▶ **Your objective**
Identify the line in which "Envigado deja atrás" appears, then reproduce that line and all remaining lines of the records word for word.

▶ **Source data**
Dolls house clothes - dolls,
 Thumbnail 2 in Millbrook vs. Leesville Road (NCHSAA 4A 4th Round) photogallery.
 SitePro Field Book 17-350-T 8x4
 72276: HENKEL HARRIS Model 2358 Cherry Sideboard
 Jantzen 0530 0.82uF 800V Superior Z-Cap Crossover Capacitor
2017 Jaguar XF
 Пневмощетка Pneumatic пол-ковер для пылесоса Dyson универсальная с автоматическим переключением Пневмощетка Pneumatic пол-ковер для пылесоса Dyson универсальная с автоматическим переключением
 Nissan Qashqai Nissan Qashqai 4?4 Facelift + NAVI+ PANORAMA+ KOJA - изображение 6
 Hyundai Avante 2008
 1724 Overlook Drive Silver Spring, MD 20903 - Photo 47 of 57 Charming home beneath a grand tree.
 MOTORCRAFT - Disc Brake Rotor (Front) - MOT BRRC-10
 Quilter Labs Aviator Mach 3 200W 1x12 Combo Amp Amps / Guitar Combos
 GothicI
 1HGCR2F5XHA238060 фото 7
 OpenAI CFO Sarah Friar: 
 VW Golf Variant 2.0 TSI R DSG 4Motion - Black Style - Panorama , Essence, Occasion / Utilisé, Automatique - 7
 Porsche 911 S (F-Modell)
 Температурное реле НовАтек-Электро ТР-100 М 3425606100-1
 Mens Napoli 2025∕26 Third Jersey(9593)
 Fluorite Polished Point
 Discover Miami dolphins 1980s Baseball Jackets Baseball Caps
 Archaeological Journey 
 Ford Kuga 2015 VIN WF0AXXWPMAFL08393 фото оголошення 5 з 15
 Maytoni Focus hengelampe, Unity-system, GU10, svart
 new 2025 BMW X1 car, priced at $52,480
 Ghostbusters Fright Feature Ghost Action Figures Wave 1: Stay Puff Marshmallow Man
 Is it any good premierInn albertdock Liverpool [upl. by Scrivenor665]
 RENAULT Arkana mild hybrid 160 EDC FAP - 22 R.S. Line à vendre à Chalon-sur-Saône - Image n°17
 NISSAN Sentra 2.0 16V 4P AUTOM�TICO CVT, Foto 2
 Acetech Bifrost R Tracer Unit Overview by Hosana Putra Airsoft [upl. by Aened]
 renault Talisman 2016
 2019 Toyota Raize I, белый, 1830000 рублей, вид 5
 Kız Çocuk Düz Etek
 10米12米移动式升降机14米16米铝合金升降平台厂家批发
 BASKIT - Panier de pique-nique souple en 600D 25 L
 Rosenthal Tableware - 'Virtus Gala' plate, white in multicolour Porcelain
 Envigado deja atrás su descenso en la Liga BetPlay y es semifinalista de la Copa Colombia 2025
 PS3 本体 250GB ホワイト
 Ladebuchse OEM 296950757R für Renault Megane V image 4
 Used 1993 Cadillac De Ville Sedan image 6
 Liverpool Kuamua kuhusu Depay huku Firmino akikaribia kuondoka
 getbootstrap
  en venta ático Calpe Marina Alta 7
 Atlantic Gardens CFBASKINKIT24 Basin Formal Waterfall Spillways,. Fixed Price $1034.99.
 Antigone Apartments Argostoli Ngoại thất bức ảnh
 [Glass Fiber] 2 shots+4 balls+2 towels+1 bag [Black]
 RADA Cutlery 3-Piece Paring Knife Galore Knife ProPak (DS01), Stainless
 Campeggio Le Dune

▶ **Output**
 Envigado deja atrás su descenso en la Liga BetPlay y es semifinalista de la Copa Colombia 2025
 PS3 本体 250GB ホワイト
 Ladebuchse OEM 296950757R für Renault Megane V image 4
 Used 1993 Cadillac De Ville Sedan image 6
 Liverpool Kuamua kuhusu Depay huku Firmino akikaribia kuondoka
 getbootstrap
  en venta ático Calpe Marina Alta 7
 Atlantic Gardens CFBASKINKIT24 Basin Formal Waterfall Spillways,. Fixed Price $1034.99.
 Antigone Apartments Argostoli Ngoại thất bức ảnh
 [Glass Fiber] 2 shots+4 balls+2 towels+1 bag [Black]
 RADA Cutlery 3-Piece Paring Knife Galore Knife ProPak (DS01), Stainless
 Campeggio Le Dune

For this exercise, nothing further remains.